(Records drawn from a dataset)
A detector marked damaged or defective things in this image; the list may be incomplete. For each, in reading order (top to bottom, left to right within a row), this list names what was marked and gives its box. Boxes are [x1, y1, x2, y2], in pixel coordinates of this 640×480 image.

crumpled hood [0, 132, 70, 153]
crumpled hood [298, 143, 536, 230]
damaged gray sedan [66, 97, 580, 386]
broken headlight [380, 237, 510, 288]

→ **Exercise**
Nothing in the records may be dropped; reproduce them exactly.

→ **Response to the task**
A detector marked damaged or defective things in this image; the list may be incomplete. For each, in reading order (top to bottom, left to right within a row), this list names what was marked and gives its box. Boxes are [x1, y1, x2, y2], in pixel coordinates of this 640×480 image.

crumpled hood [0, 132, 70, 153]
crumpled hood [298, 143, 536, 230]
damaged gray sedan [66, 97, 580, 386]
broken headlight [380, 237, 510, 288]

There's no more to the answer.